One of the more fascinating experiments dealt with color – some of the visuals Clouzot had in mind were difficult enough, but he wanted to forgo photographic processing altogether and do everything in-camera. For example, much of the film takes place around a lake, and he wanted to alter the color of the water and the landscape while retaining the actors’ natural skin color. Clouzot apparently accomplished this with the help of body make-up, painting the actors in blue tones so that they would look ‘natural’ on film.

Unfortunately, the production didn’t last long, and very little was ultimately shot. The documentary doesn’t even show any dialogue scenes; instead, Bromberg had to film recreations with Berenice Bejo and Jacques Gamblin, framing them on blank sets.

What we do get is two sequences that are close to completion. Inferno deals with a husband’s pathological jealousy, and both sequences are compelling portrayals of this mindset.

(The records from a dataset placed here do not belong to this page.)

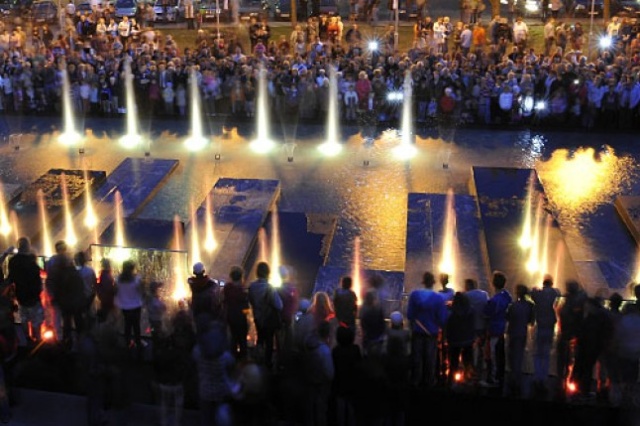 W konkursie na najlepiej zagospodarowaną przestrzeń publiczną w kraju, organizowanym przez Towarzystwo Urbanistów Polskich, plac przed szczecińską Pleciugą zajął drugie miejsce, a park przy ul. Przygodnej otrzymał wyróżnienie.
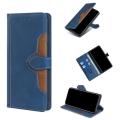 Case For  Oppo A54 4G  casing  Flip leather magnetic phone case TPU back cover. 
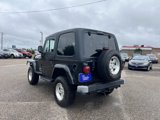 Used 2005 Jeep Wrangler X w/ Rocky Mountain Edition Group image 5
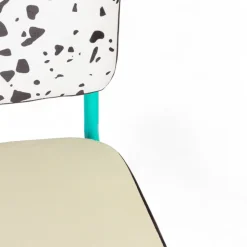 SUPERCHAIR TERRAZZO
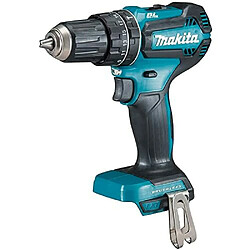 Avis Makita DHP 485 Z Perceuse visseuse à percussion sans fil 50Nm Brushless Solo 18V - sans batterie, sans chargeur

The first one follows the wife through the local marketplace, and it unfurls many of the experiments seen in the earlier test shots. It’s hardly subtle, but it all works, with every trick rooted in the husband’s warped perspective. Clouzot handles everything with just enough discipline to keep it palatable.

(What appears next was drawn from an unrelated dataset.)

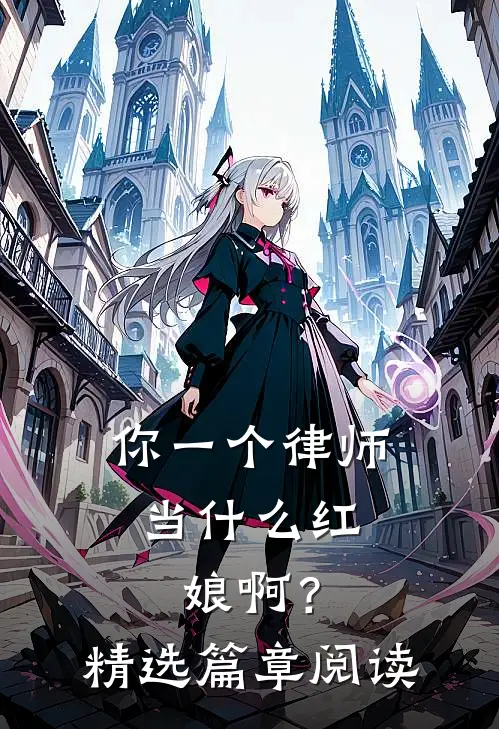 你一个律师，当什么红娘啊？精选篇章阅读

The second is far more tantalizing, with the husband observing his wife with another man. This time, a stronger narrative runs through the sequence, and Clouzot’s bold experiments feel wholly organic to the storytelling. For example, Clouzot shifts back and forth from color to black and white, the former representing crazed delusions and the latter reality. Even better are the brilliant compositions scattered throughout this sequence, with the best one involving a train running over a bridge. (When I find a still, I’ll post it.)

The last few minutes of the documentary is dedicated to a series of color shots involving Romy Schneider, who played the wife. Most of these were intended as brief inserts, and Bromberg believes they would not have survived in their entirety had they been edited into the film. Seen uncut, they comprise one saving grace of the production’s failure. (I doubt a slinky has ever been filmed with more suggestiveness).

•          •          •          •

Which brings us to the conclusion of Bromberg’s story. As luck would have it, their elevator was stalled for two hours. During that time, Bromberg and Clouzot’s widow got acquainted on a personal level, and it was only then that she agreed to loan the footage to him.

A year later, when Bromberg showed her the completed documentary, she was visibly upset throughout the entire screening. When the lights went up, Bromberg believed his film would never see the light of day. Instead, she told him, “this is exactly how it happened,” and no changes were ever made to the Bromberg’s documentary.

* Bromberg conceded that Truffaut wrote Clouzot a gushing fan letter, but he said that “Truffaut wrote a lot of letters to everybody…if you went through Leni Riefenstahl’s files, I’m sure you would find a letter from Truffaut.”